Do you have a word for _remorse_, Sakvaka? That would come closer to what we mean. But very interesting background information !


----------



## ThomasK

Maroseika said:


> In Russian these words are different though having one stem кая(ть) *kay(at')*:
> 
> раскаяние - the feeling of regret for doing smth.
> покаяние - the same, but in "public" form.
> 
> Interesting thing: 'punishement' and related words in other Romance and Germanic languages derivate from Latin _poena_ < *Greek ποινή - value**, repention, punishment**.*
> But a/m Russian words also have to do with this Greek word:
> Каять (to scold, to blame) is congeneric with Ancient-Indian _cа́уаtē _"he revenges, punishes", Lith. _káinа_ - price, Avestian kāу- to pay out, to repent, _kaēnā _- revenge, punishment, kаϑа - retribution, Greek τίνω - I'm crying, repenting and, finally, also *ποινή.*


This is very interesting information indeed. But two questions if I may, M. : 
- do you have a separate word for _remorse_, this very painful word for the feeling of guilt, shame, caused by a mistake or ... ? 
- _poena_ is interesting, but I found out that _penitence_ strangely enough refers to _paene_, hardly; and by the way: can the evolution of /k/ to /p/ be justified etymologically ? (And a/m ?) 
(Thanks !)


----------



## sakvaka

ThomasK said:


> Do you have a word for _remorse_, Sakvaka? That would come closer to what we mean. But very interesting background information !
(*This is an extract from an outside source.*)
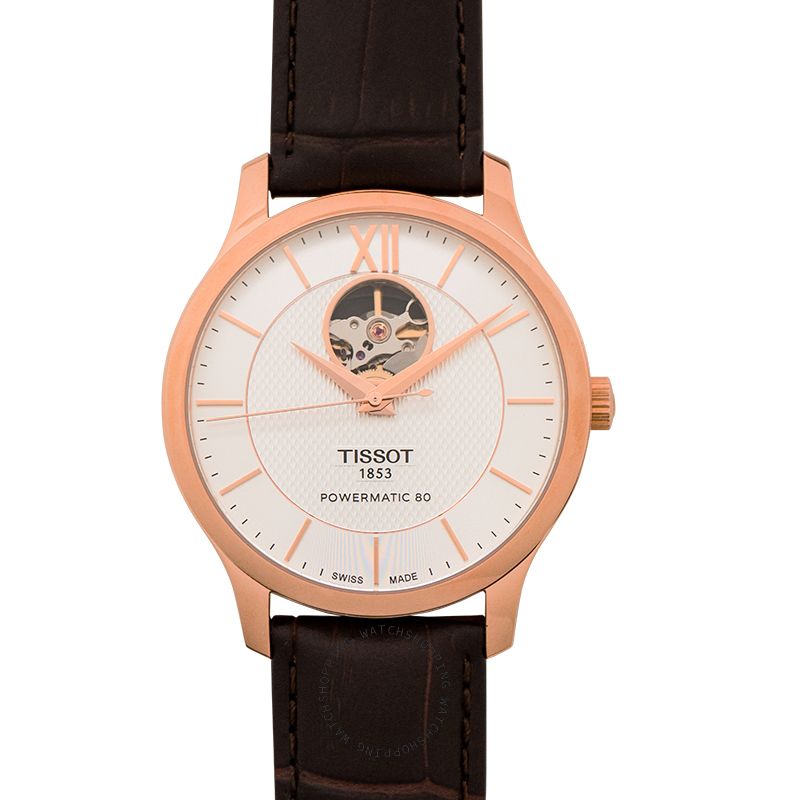 Tissot T-Classic T063.907.36.038.00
I checked it on the Internet: the word is _tunnonvaivat_ (inconveniences of feelings/conscience). But this is quite mild and "conformist" expression and nowhere near the biblical concept of penitence.


----------



## ThomasK

Thanks, Sakvaka, but when I hear 'pangs of remorse', then that sounds pretty serious. What is the difference to you? To what extent do you see a difference from the Biblical concept ?


----------



## sakvaka

I don't have a dictionary at my hands, but I'd say that _katumus_ and _syyllisyydentunto_ (feeling of being guilty) are the most powerful words that suit our context, if we leave alone other words involving strong feelings. I don't recognize the English word "remorse"; it may have a simple Finnish translation (fellow natives, help!), but even though I don't know the New Testament very well, I can claim that "katumus" is used the most in it.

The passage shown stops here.